Full Disclosure: The Facial Hair Edition

Alright kittens, it’s confession time.  I have an imperfection.

No I SWEAR!  It’s TRUE!  But thank you for your disbelief.

I have a crippling fear of facial hair.  Not on others, mind you.  Husbandio has a delightful dusting of fur on his chinny chin chin and it doesn’t scare me in the slightest.  My fear revolves around my own face.

I’m from the Eastern Block.  Genetically, I’m destined for a fluffy upper lip.  True story.

hairy woman

My grandmother.
Ok…probably not.
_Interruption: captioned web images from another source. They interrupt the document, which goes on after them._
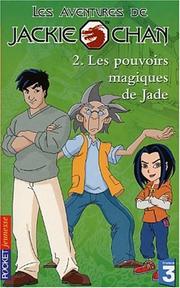 Cover of: Les Aventures de Jackie Chan, tome 2  by Cathy West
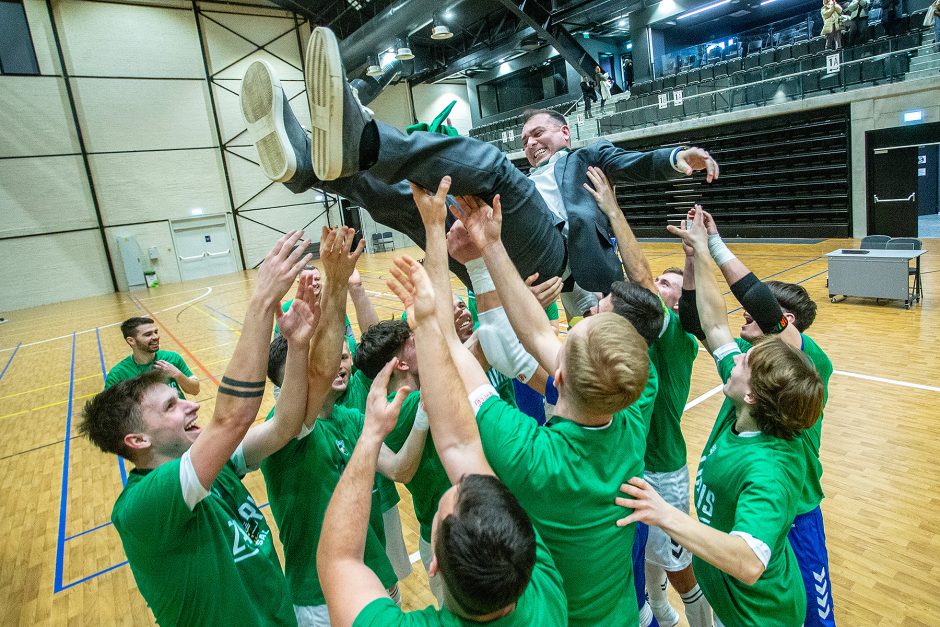 Futsalo LFF taurės finalas: „Bruklinas“ – „K. Žalgiris“ 1:6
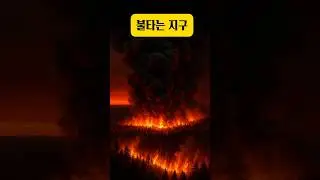 [Climate Warning] 🔥 산불이 더 빠르게 번진다 | Wildfires 4x Surge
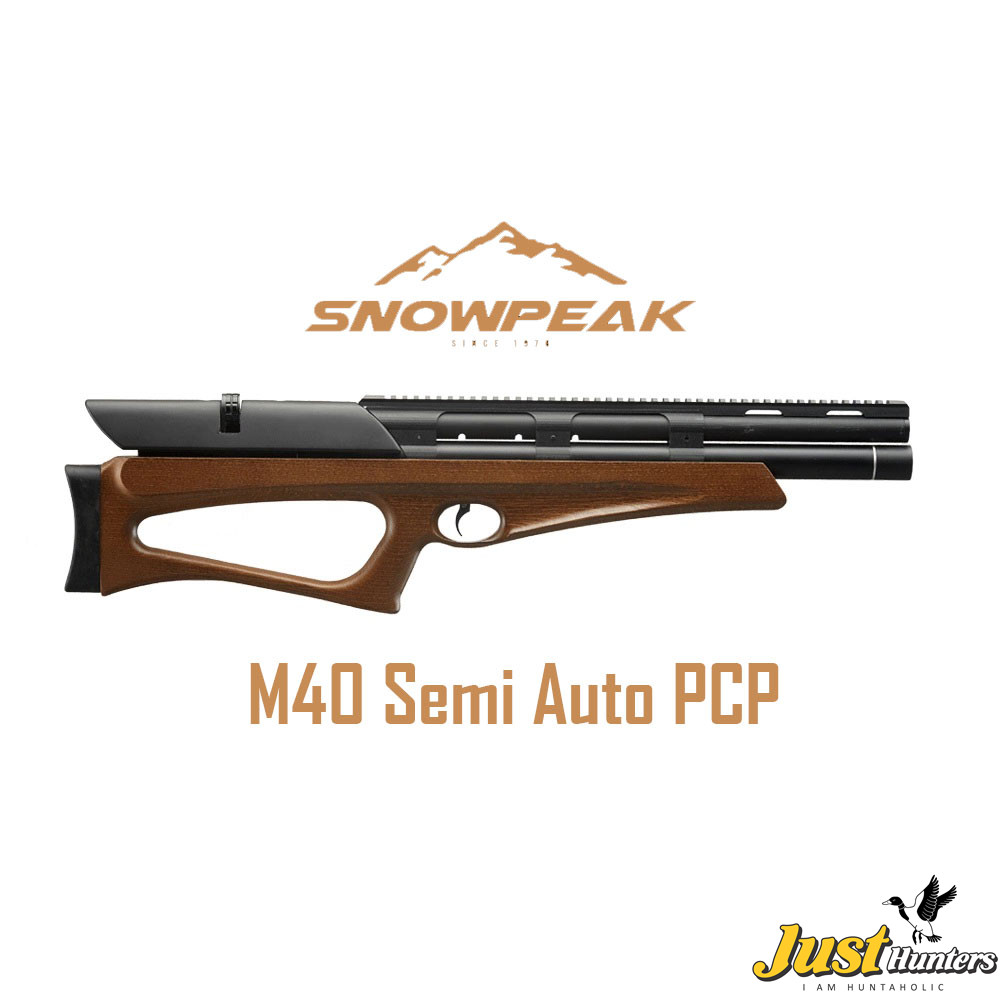 Snow Peak PCP Air Rifle Bullpup M40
But you can’t know for sure.
(picture from beforeitsnews.com

woman with mustache

Long lost cousin.
Again..can you REALLY be sure???
(picture from louisvillestrangebrew.com)

I know.  ACK, right?

Needless to say, this isn’t a future that I look forward to.  In fact, if when I win the lottery, one of the first things that will happen will be laser hair removal of everything that isn’t proper head hair, eyelashes or eyebrows.  I don’t like fur anywhere else.

hairy armpits

No thanks. And fear not…I’m sparing you from photos of all the OTHER places I don’t want hair. This is NOT that kind of blog.
(photo from swimclub.co.uk)

BUT, kittens, you’ll be ECSTATIC to know that there is an exception to my facialhairophobia.  And it’s brought to you by the stunning, brilliant mind behind one of my most favoritest blogs ever.

MY GLASSES ARRIVED YESTERDAY!!!!!!

I took a picture right away, but unfortunately I was in my messy garage and my hair did NOT look perfect and I think highly of you all and I won’t subject you to that first thing in the morning.

Luckily, Husbandio had made a phallic sculpture out of the fruit he was going to take to work in the morning, and he decided that it, too, needed a certain something.

hairy fruit

THIS is why I married him. You’re welcome.

So go forth, lovely kittens, and enjoy the rest of your day with the knowledge that the mustache glasses photos are coming.  No phobia will stand in the way of this amazingness, with the obvious exception of my I-don’t-look-perfect-in-this-photo-ophobia.